* **TASK INSTRUCTIONS**: Instruction for the entries below: return the part that opens with the line containing "We have also" and closes with the line containing "Employers that follow", exactly, and no pictures.

[Opening PROVIDED DATA section]

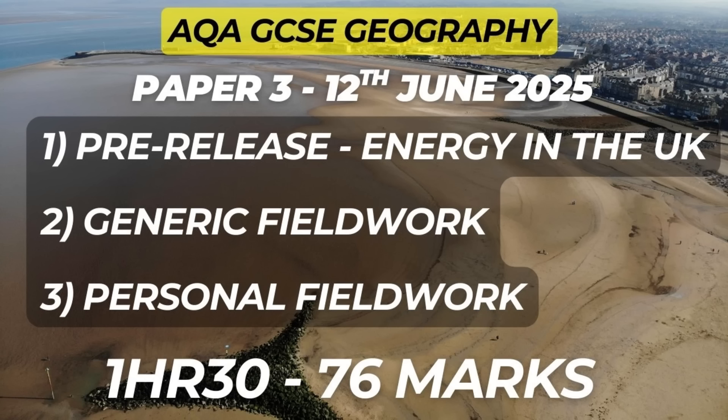Paper 3 is broken into three sections. The issue evaluation section uses the 2025 pre-release resource booklet on energy in the UK from around the Morecambe Bay area. The fieldwork section requires you to demonstrate your understanding of generic or unseen fieldwork as well as your own personal fieldwork. The pre-release resource booklet was first available on Thursday the 20th of March 2025. You should have received this from your teachers and already started doing your own independent study. I recently visited Morecambe Bay and the Duddon estuary and made a specific video for the pre-release — click the link above or in the description for a more in-depth outline.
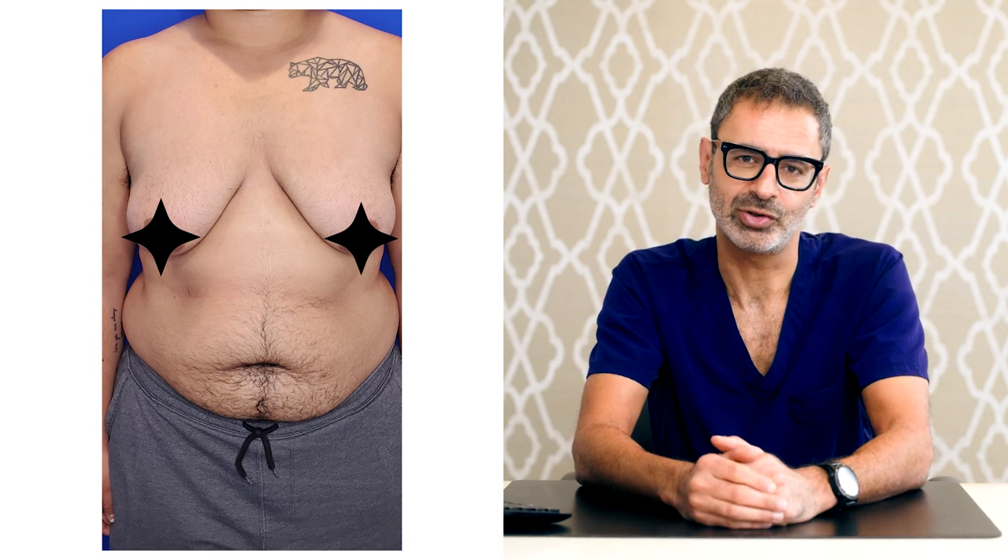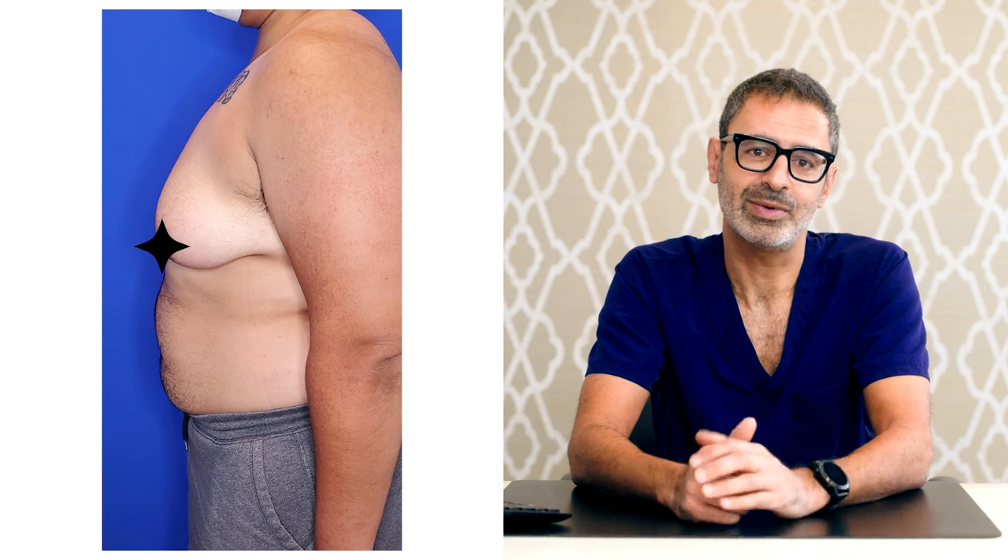This patient came to me for FtM top surgery — that's female to male top surgery. What I want to stress about this surgery is that it's not a breast reduction. This is chest masculinization, and there are several things that differentiate a male chest from a female chest — not just the size, but the areola size, the nipple size, and also the placement of the areola and nipples.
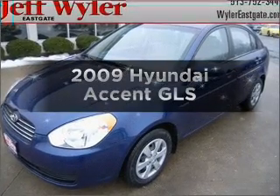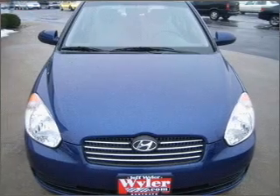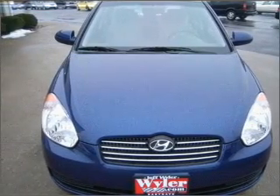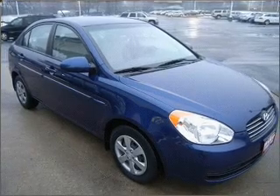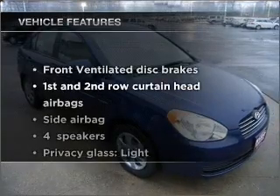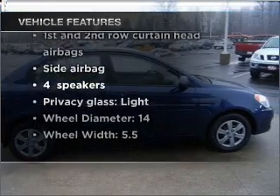Get noticed in this 2009 Hyundai Accent. If you're looking for an automobile with great attributes, look no further. With an efficient four-cylinder engine that responds smoothly to its automatic transmission, you won't want to miss out on the opportunity to own this amazing vehicle.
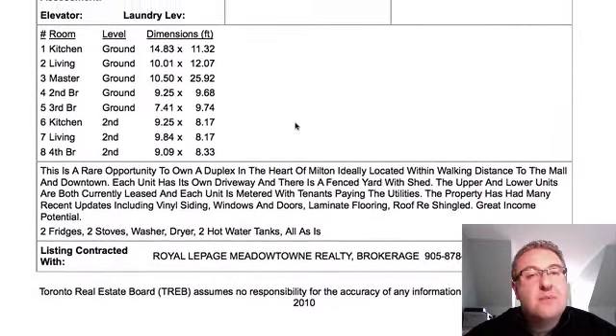What I like about this one is the upper and lower units are both currently leased, so if the tenants want to stay, that'd be something I'd check. I'd be looking at how much they pay, because from there we can start to look at the expenses — the mortgage that you're going to have, the taxes, all the rest of it — to see if there's profit there and how much, taking into consideration things like upkeep and vacancy. If they leave, we need to get someone else in there, and there's a cost associated with that.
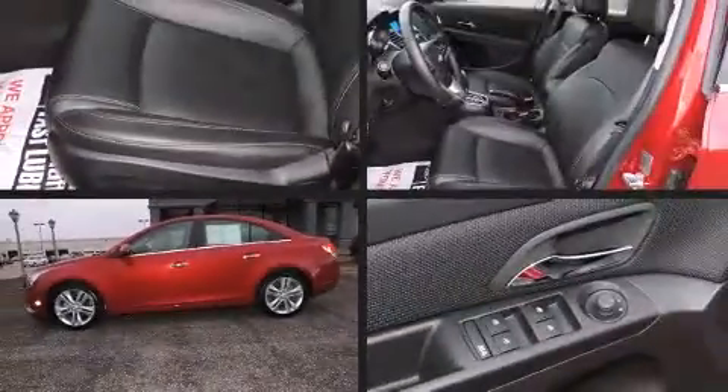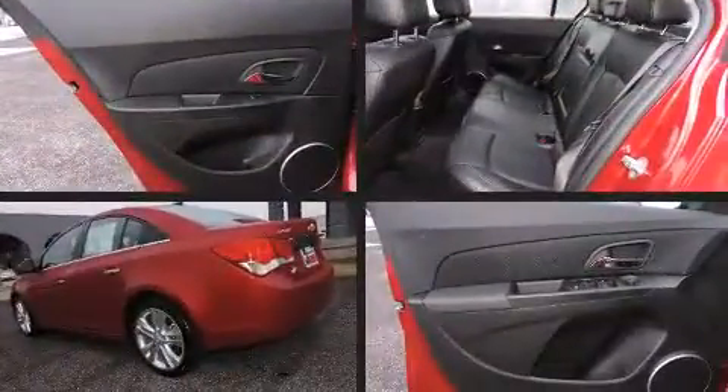Treat yourself to a test drive in the 2011 Chevrolet Cruze. This four-door, five-passenger sedan just recently passed the 50,000 mile mark.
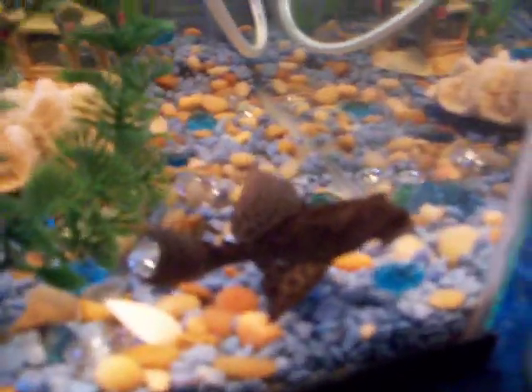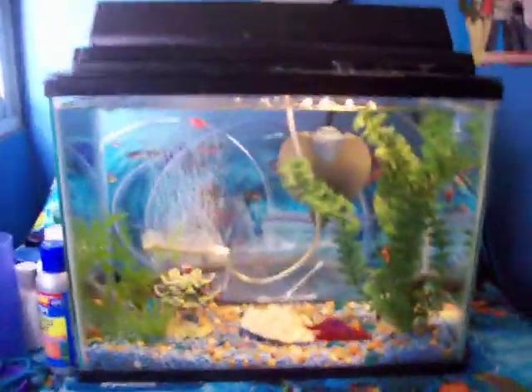Okay, and third, I have Spotty. He's a plecostomus. That means he's one of those cleaner fish. He's a type of catfish. But a nickname for his species is a pleco, so he's a pleco. And they are in their beautiful five-gallon fish tank.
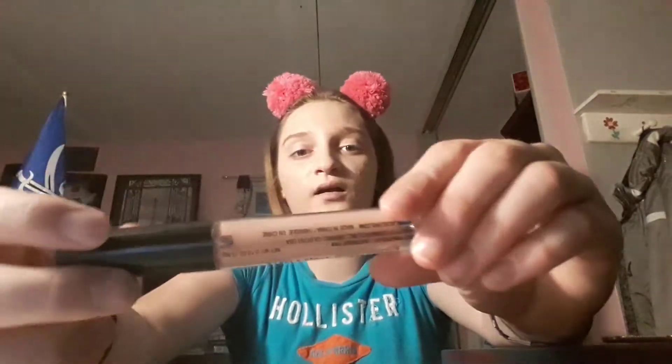Concealer — this is the LA Colors Conceal Correct concealer in Peach. This is supposed to go under your foundation and then you put concealer on top, but she only picked this out so I'm not going to put that much. It's not blending out too bad — it looks fine.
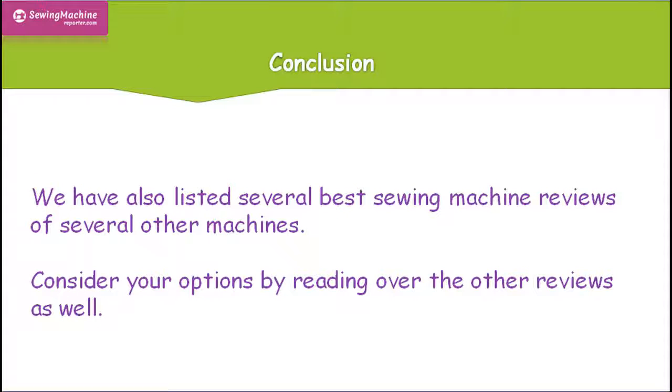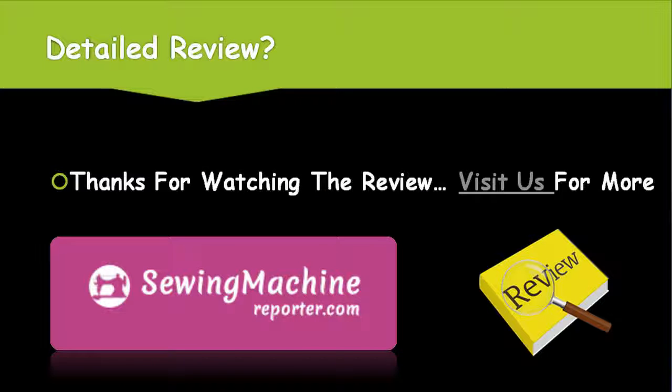We have also listed several best sewing machine reviews of several other machines. Consider your options by reading over the other reviews as well. Thanks for watching the review. Visit us for more.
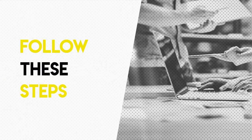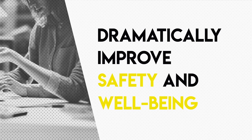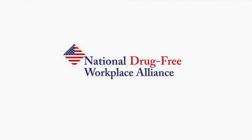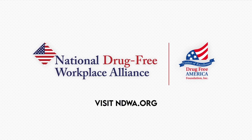Employers that follow these steps can dramatically improve the safety and well-being of their workforce. For more details and other useful resources, visit the National Drug-Free Workplace Alliance, the Division of Drug-Free America Foundation, at ndwa.org.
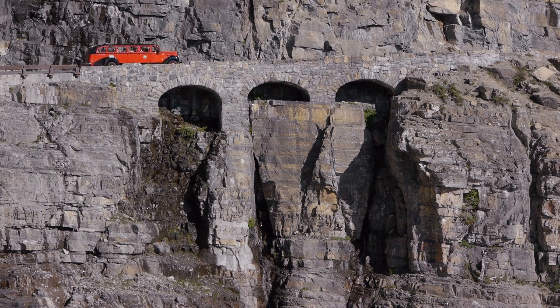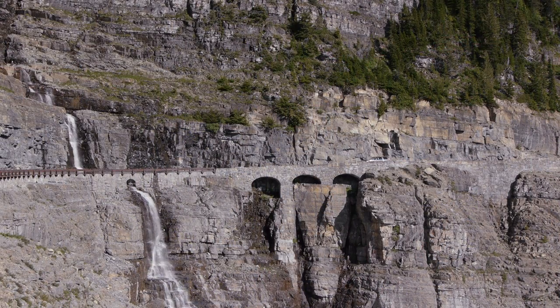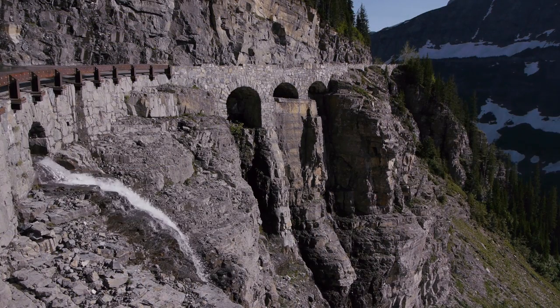Triple Arches is probably one of the most recognizable features along the Going-to-the-Sun Road. Built to span several large gaps in the mountainside, engineers had originally planned to create a large retaining wall and use huge amounts of fill to build up the road bed. Designers came up with a much more elegant solution by constructing a series of three arches to span the gaps.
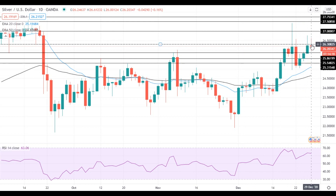If Silver settles above this level, it will gain upside momentum and head towards the next resistance at $27. A move above $27 will open the way to the test of the resistance at 27.50.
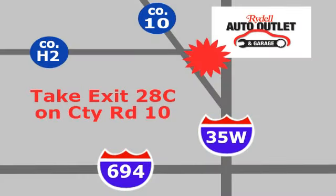Your satisfaction is our goal. We are conveniently located at 2375 County Road 10 in Moundsview, Minnesota.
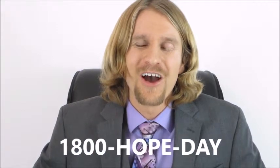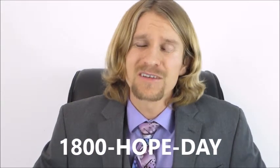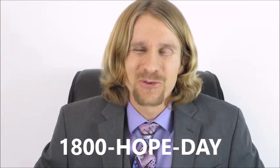Pick up the phone and call us at 1-800-HOPE-DAY. I look forward to speaking with you soon. We can get through this together.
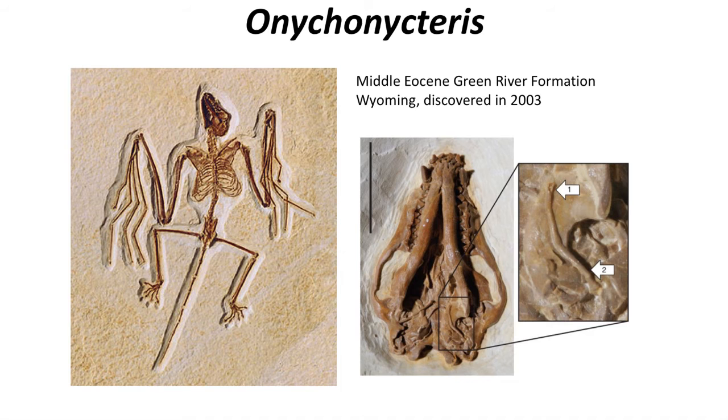The evolution of echolocation that allows this nocturnal activity pattern we know a little bit more about from the fossil record. The discovery of the Middle Eocene bat Onychonycteris in 2003 and its subsequent study gave new insight into the origin of echolocation.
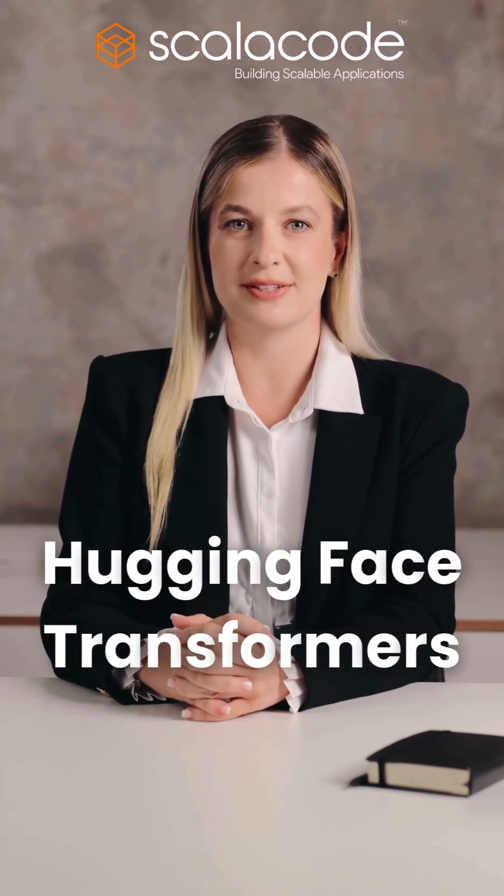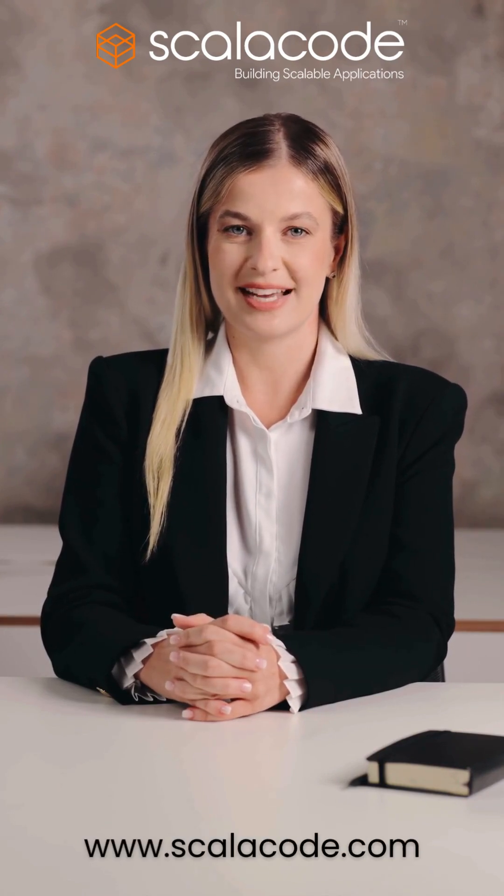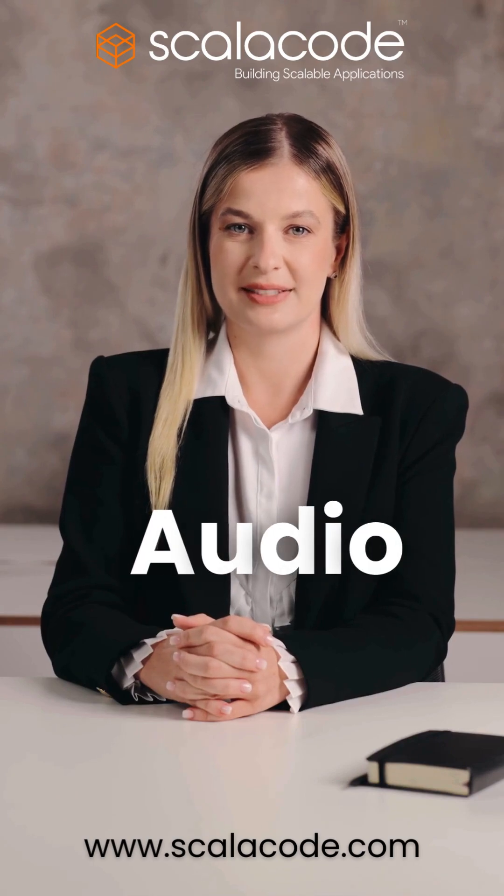3. Hugging Face Transformers — the ultimate model hub. Transformers gives you access to hundreds of pre-trained models across text, vision, and audio, with easy pipelines to deploy them in your apps.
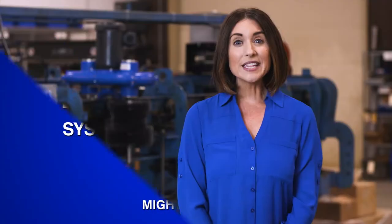Welcome to MightyLube. In this video, we will take an in-depth look at the next generation Conveyor Monitoring System.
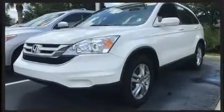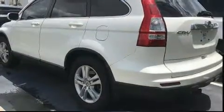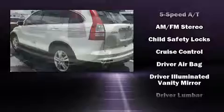Top features include leather upholstery, a tachometer, speed-sensitive wipers, heated seats, power moonroof, and one-touch window functionality.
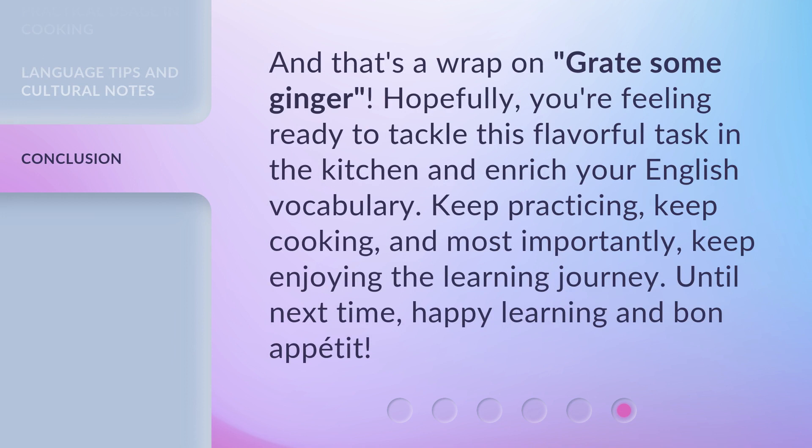And that's a wrap on 'grate some ginger.' Hopefully, you're feeling ready to tackle this flavorful task in the kitchen and enrich your English vocabulary. Until next time, happy learning and bon appétit!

[Closing PROVIDED DATA section]

* **RESPONSE FOR THIS EXERCISE**:
We have also listed several best sewing machine reviews of several other machines. Consider your options by reading over the other reviews as well. Thanks for watching the review. Visit us for more.
Employers that follow these steps can dramatically improve the safety and well-being of their workforce. For more details and other useful resources, visit the National Drug-Free Workplace Alliance, the Division of Drug-Free America Foundation, at ndwa.org.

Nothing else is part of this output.